ROCm Communication Collectives Library (RCCL)
https://rocmdocs.amd.com/projects/rccl/en/latest/
Other
272 stars 122 forks source link

[Issue]: RCCL collective call Alltoall is performing way worse than normal MPI Alltoall on Frontier. #1206

Open manver-iitk opened 5 months ago

manver-iitk commented 5 months ago

Problem Description

I ran my code on Frontier for scaling on AMD GPUS. It scaled fine with MPI . But as soon as i replace the MPI_Alltoall call with nccl_Alltoall, it is behaving way worse than MPI. why??

Operating System

SLES (Frontier)

CPU

AMD EPYC 7763 64-Core Processor

GPU

AMD Instinct MI250X

ROCm Version

ROCm 5.7.1

ROCm Component

rccl

Steps to Reproduce

No response

(Optional for Linux users) Output of /opt/rocm/bin/rocminfo --support

No response

Additional Information

No response

edgargabriel commented 4 months ago

@manver-iitk a couple of questions:

corey-derochie-amd commented 2 months ago

Hello, @manver-iitk . Has this issue been resolved for you?
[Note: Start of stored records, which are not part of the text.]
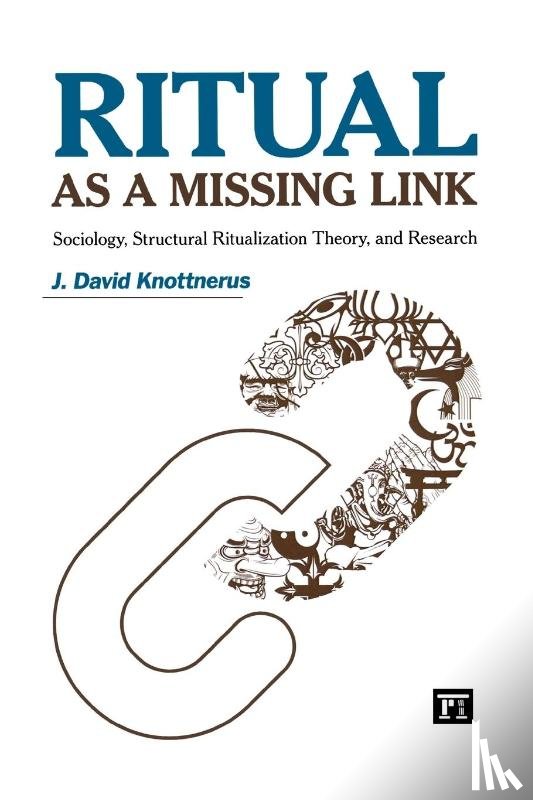 Knottnerus, J. David - Ritual as a Missing Link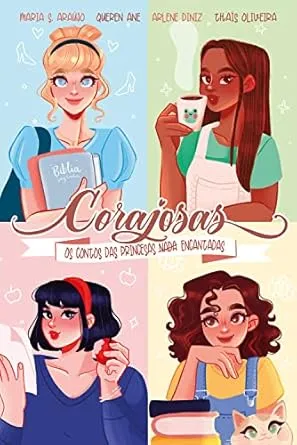 Corajosas: Os contos das princesas nada encantadas: 1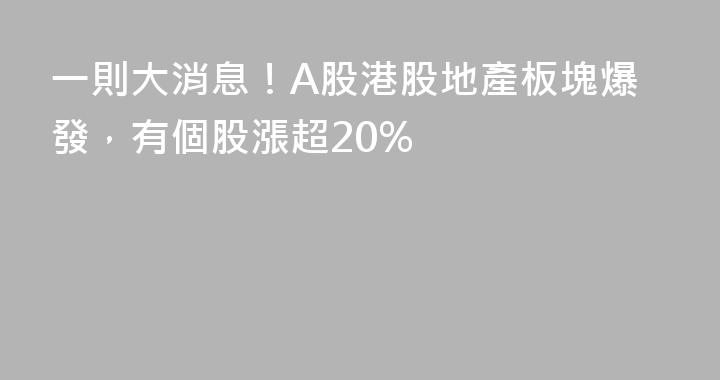 一則大消息！A股港股地產板塊爆發，有個股漲超20%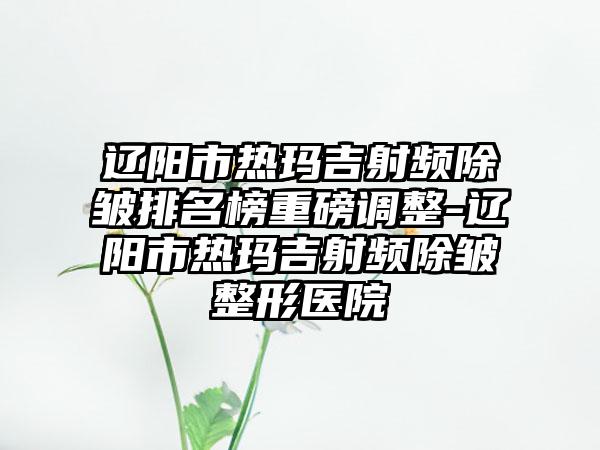 辽阳市热玛吉射频除皱排名榜重磅调整-辽阳市热玛吉射频除皱整形医院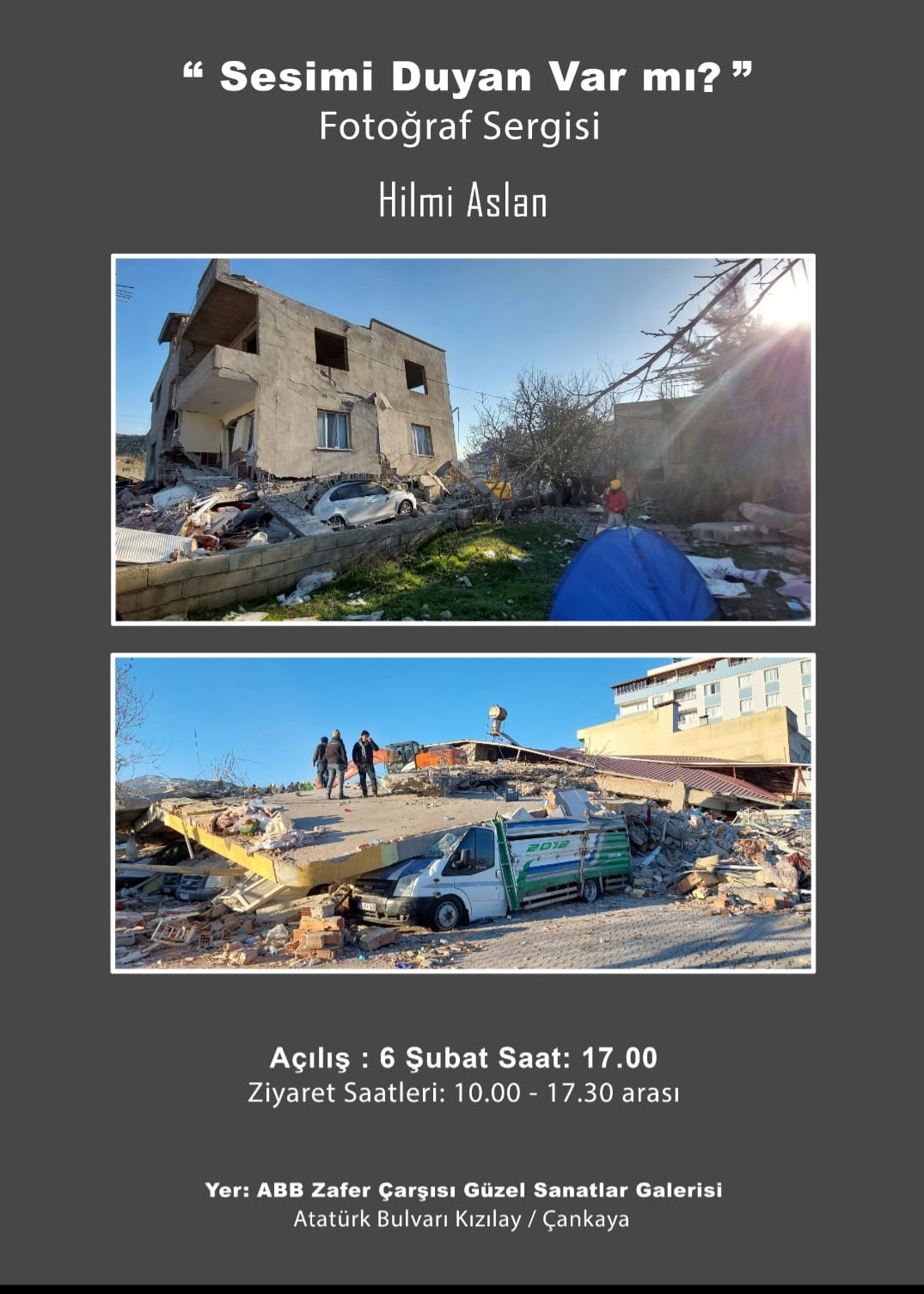 Hilmi Aslan ''Sesimi Duyan Var mı?'' Fotoğraf Sergisi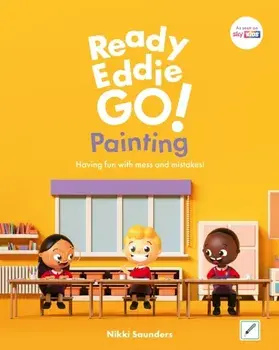 Ready Eddie Go! Painting. Having fun with mess and mistakes!, Illustrated ed, Hardback/Nikki Saunders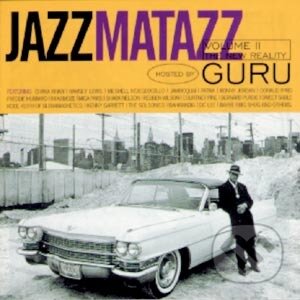 Hudobné CD: Guru: Jazzmatazz Vol.2 (EMI Music). EMI Music, 1995 Hudobné CD: Guru: Jazzmatazz Vol.2 (EMI Music). EMI Music, 1995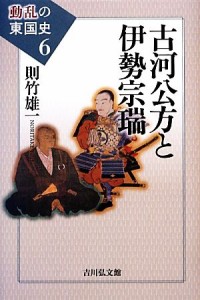  古河公方と伊勢宗瑞 動乱の東国史６／則竹雄一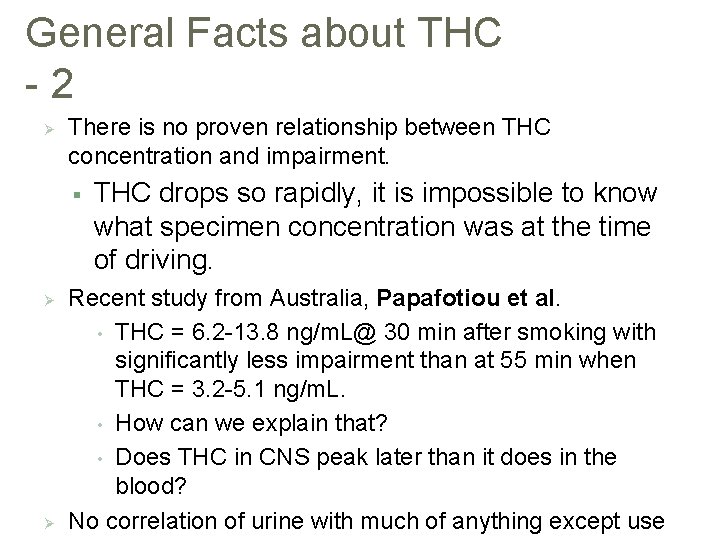 General Facts about THC -2 Ø There is no proven relationship between THC concentration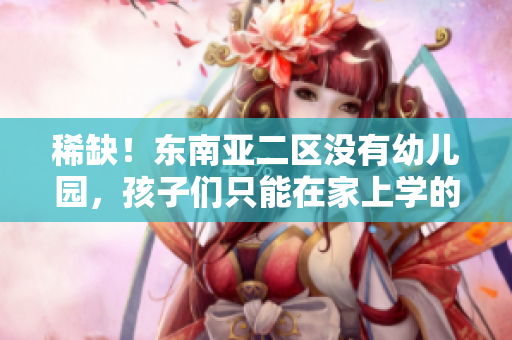 稀缺！东南亚二区没有幼儿园，孩子们只能在家上学的原因是什么？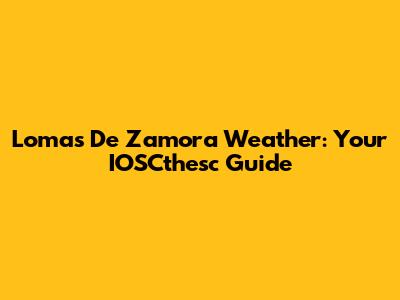 Lomas De Zamora Weather: Your IOSCthesc Guide
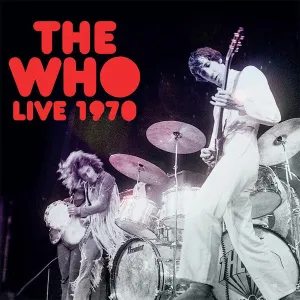 The Who  Live 1970   (Arrives in 4 days ) hi-fi music center,hi-fi speaker grill,hi-fi equipment organizer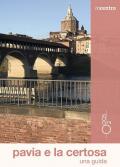 Pavia e la Certosa. Una guida. Con Carta geografica ripiegata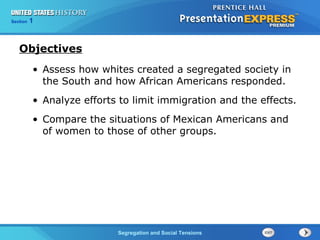 Section
Chapter

1 Section 1
25

Objectives
• Assess how whites created a segregated society in
the South and how African Americans responded.
• Analyze efforts to limit immigration and the effects.
• Compare the situations of Mexican Americans and
of women to those of other groups.

TheSegregation and Social Tensions
Cold War Begins

 
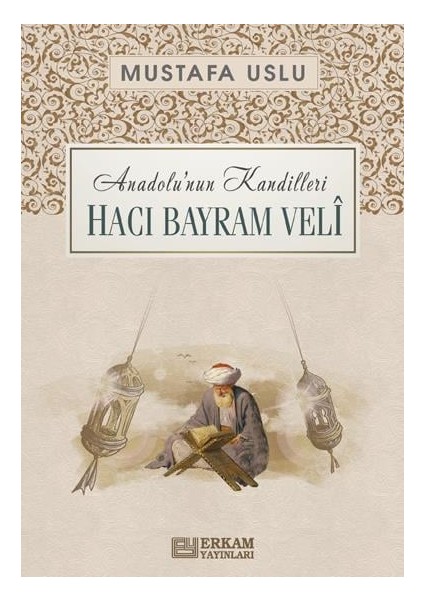 Anadolu'nun Kandilleri - Hacı Bayram Velî - Mustafa Uslu fiyatları
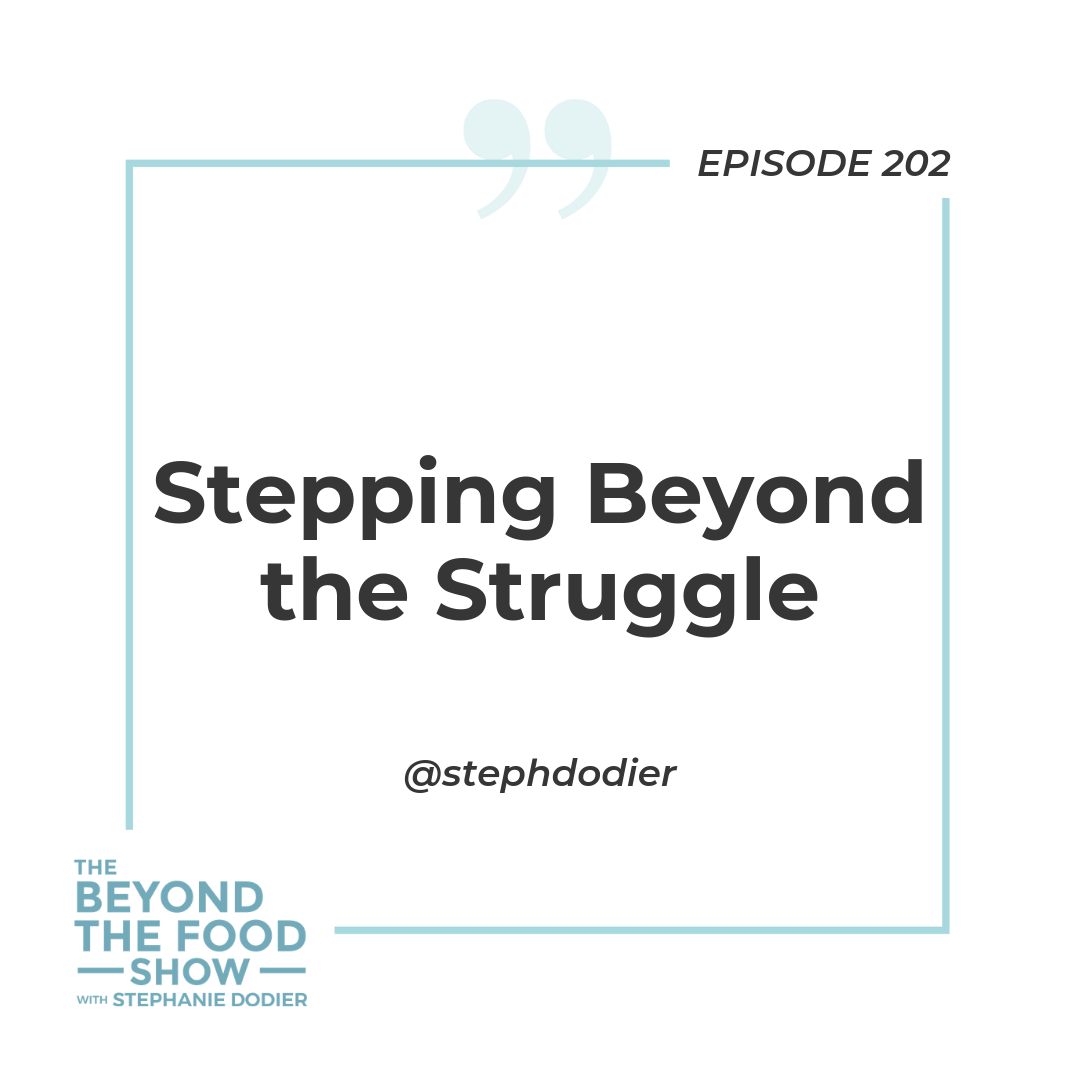 202-Stepping Beyond the Struggle-Stephanie Dodier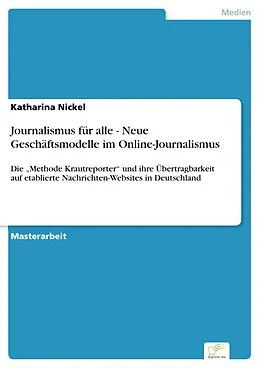 E-Book (pdf) Journalismus für alle - Neue Geschäftsmodelle im Online-Journalismus von Katharina Nickel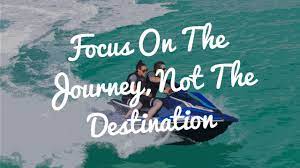 Focus On The Journey Not The Destination Youtube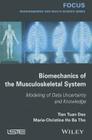 Biomechanics of Musculoskeleta By Marie-Christine Ho Ba Tho, Tien Tuan Dao Cover Image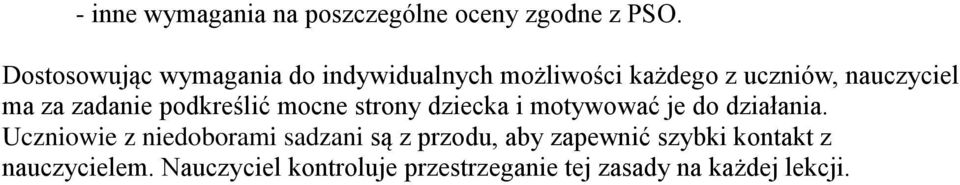 zadanie podkreślić mocne strony dziecka i motywować je do działania.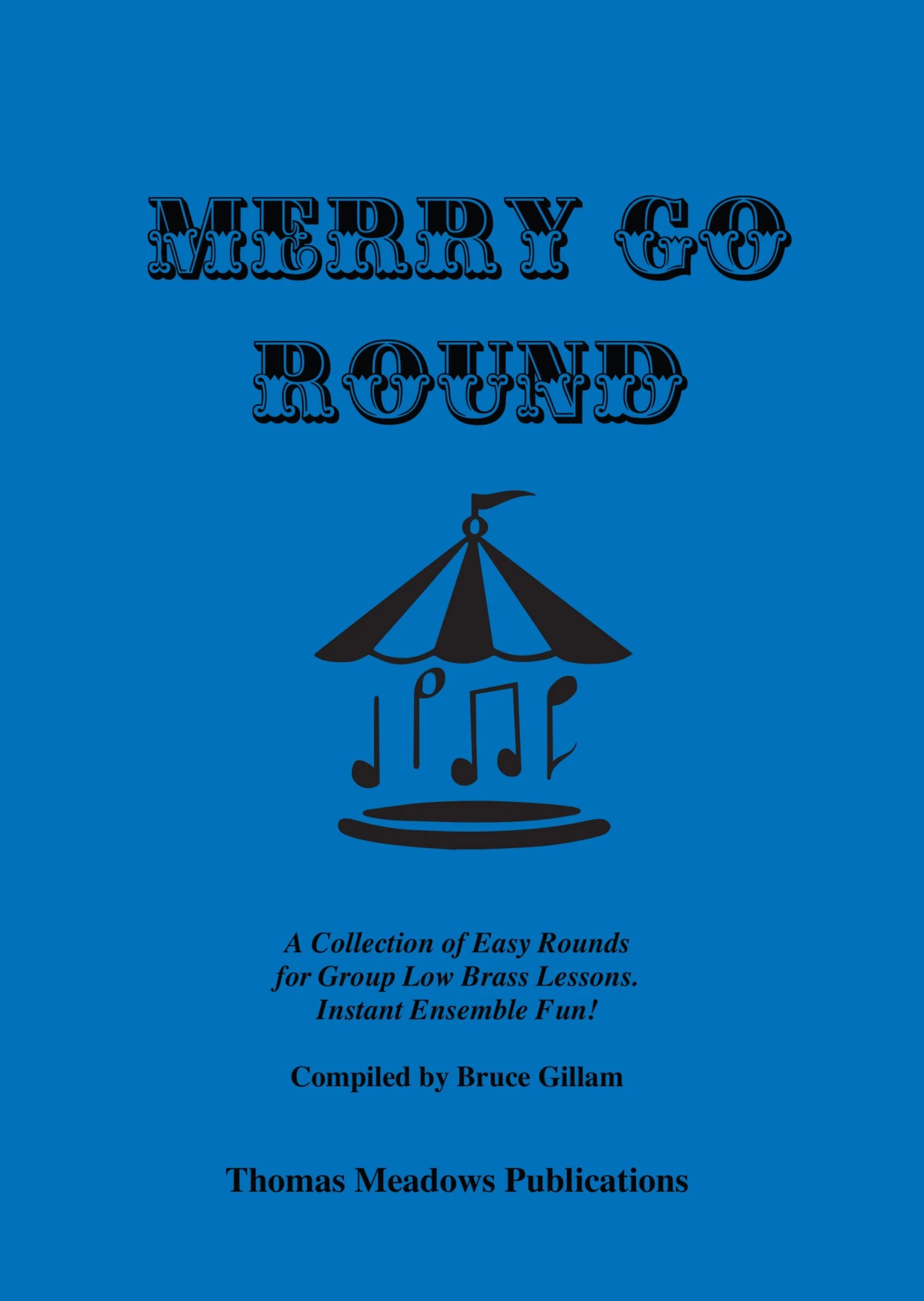 Crescendo Music Merry Go Round Low Brass By Bruce Gillam Manuscript 3 Crescendo Music Merry Go Round Low Brass By Bruce Gillam Manuscript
manver-iitk commented 1 month ago

Hello , @corey-derochie-amd my issue still persists.

@edgargabriel i have installed the aws_ofi_rccl driver also for inter node communication. But still timmings is almost 2x to 3x of normal MPI. I'm using 4 to 8 nodes

thananon commented 3 weeks ago

Hi, for alltoall, RCCL uses fan-out algorithm which is very crude (everyone send and recv from everyone). Whereas MPI is doing this in a more algorithmic way. This is the area where we acknowledge NCCL/RCCL lacks. Unfortunately optimizing alltoall for multi-node is not high on our priority list.